Федор Ипполитович Щербатской учился у человека, научный талант и широта общественных взглядов, глубокая человечность которого сделали его основателем русской школы индологии, — у профессора историко-филологического факультета Петербургского университета И. П. Минаева. Не сразу пришел Федор Ипполитович к тем областям науки, которые прославили его и дали основание Джавахарлалу Неру в книге «Открытие Индии» не раз обращаться к его трудам по истории индийской философии и индийской науки, полагая его авторитетом в этих вопросах[19]. Этому предшествовали настойчивые занятия общим языкознанием и санскритом у И. П. Минаева. Кроме того, Ф. И. Щербатской изучал готский, англосаксонский, древневерхненемецкий, сербохорватский, церковнославянский языки. Кончились университетские годы, последовали занятия в Вене санскритом у знаменитого индолога Г. Бюллера и средневековыми индийскими языками — пракритами — у Г. Якоби.
Первые самостоятельные работы молодого ученого могли бы породить представление о некоторой разбросанности: здесь и текстологическая работа о произведении поэта Харикави «Жизнь Хайхаендры», и статья «Теория поэзии в Индии», сообщения о надписи царя Шиладитьи, жившего в IV в. Занимался Щербатской и историей философии, и грамматикой знаменитого древнеиндийского грамматиста Панини, и религиозными установлениями древней и средневековой Индии. Но два фактора сыграли решающую роль в определении главного направления его научных занятий.

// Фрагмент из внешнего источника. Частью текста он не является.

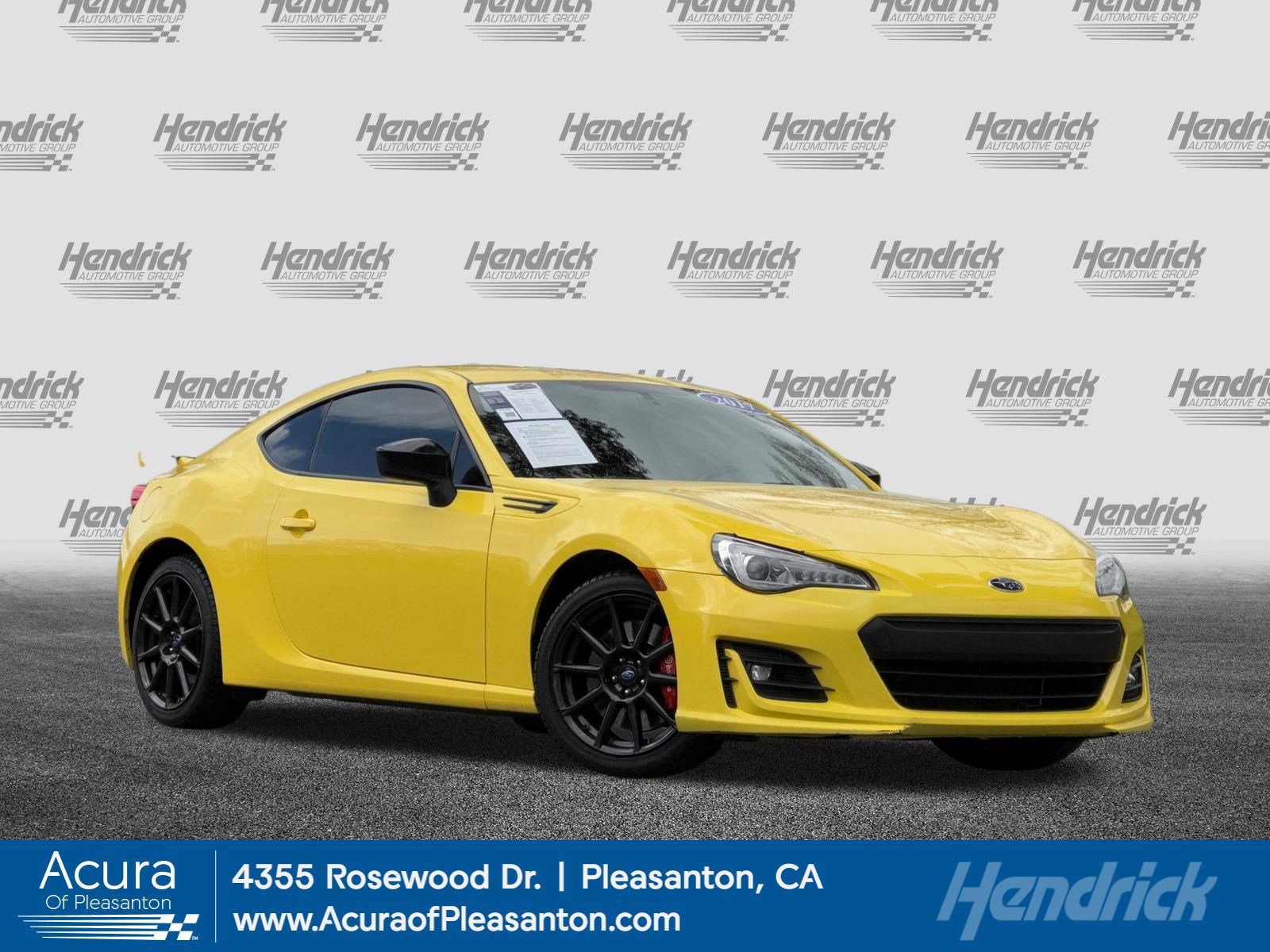 2017 Subaru BRZ Series.Yellow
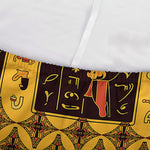 Egyptian Gods And Hieroglyphs Print Sofa Cover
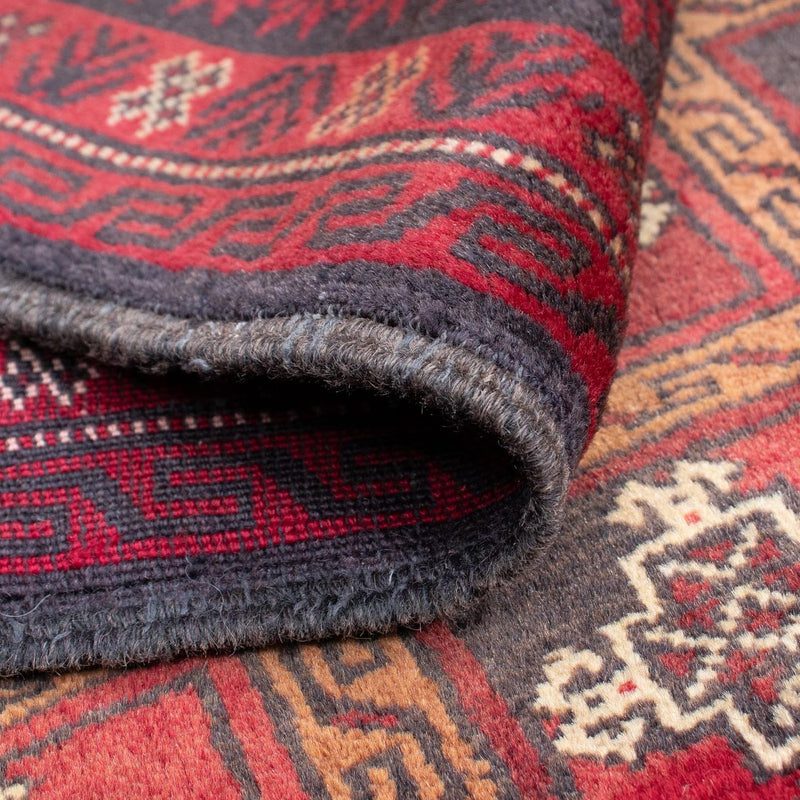 Belutsch Teppich 97x150cm - Orientteppich - dunkelrot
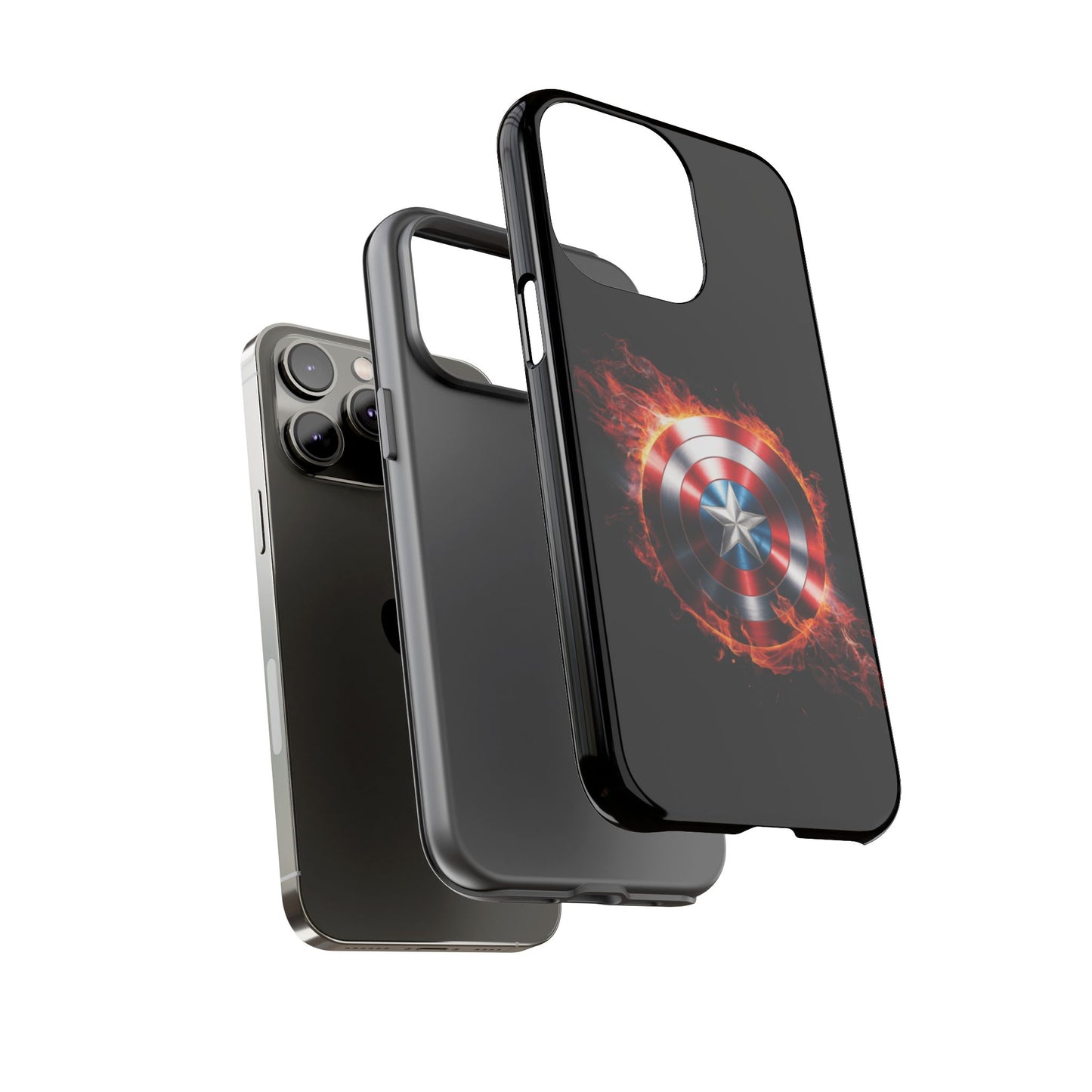 iPhone Case - Captain America Shield in Flames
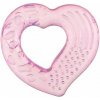 Chladiace hryzátko Akuku srdiečko ružové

Во-первых, это было наследие его учителя И. П. Минаева, стремившегося в своих трудах выявить первоначальное учение Будды, отличавшееся большой радикальностью, и, во-вторых, указания С. Ф. Ольденбурга, предложившего на основании международного сотрудничества создать собрание основополагающих текстов буддизма в оригиналах и переводах. Ф. И. Щербатской стал активнейшим соучастником в осуществлении этого замечательного начинания, вполне сохранившего свое научное значение и сегодня…
В тот вечер, глядя за окно в осеннюю темную питерскую мглу, Щербатской представить себе не мог, что именно этот миг разделит его жизнь почти на две равные половины.
После Октябрьской социалистической революции и Академия наук должна была тоже пройти определенные преобразования. Об этом написано много и обстоятельно, в том числе и о востоковедении. Однако пока еще мы недостаточно хорошо представляем себе, как переживали этот трудный, сложный процесс выдающиеся деятели академического востоковедения.
Один из ближайших соратников В. И. Ленина, управляющий делами Совета Народных Комиссаров В. Д. Бонч-Бруевич, приводит слова Владимира Ильича Ленина из его беседы с непременным секретарем Академии наук академиком С. Ф. Ольденбургом:
«Вот Ваш предмет… как будто бы он далек от нас, но он и близок… Идите в массы, к рабочим и расскажите им об истории Индии, обо всех вековых страданиях этих несчастных порабощенных и угнетенных англичанами многомиллионных масс, и вы увидите, как отзовутся массы нашего пролетариата. И сами-то вы вдохновитесь на новые искания, на новые исследования, на новые работы огромной научной важности»[20].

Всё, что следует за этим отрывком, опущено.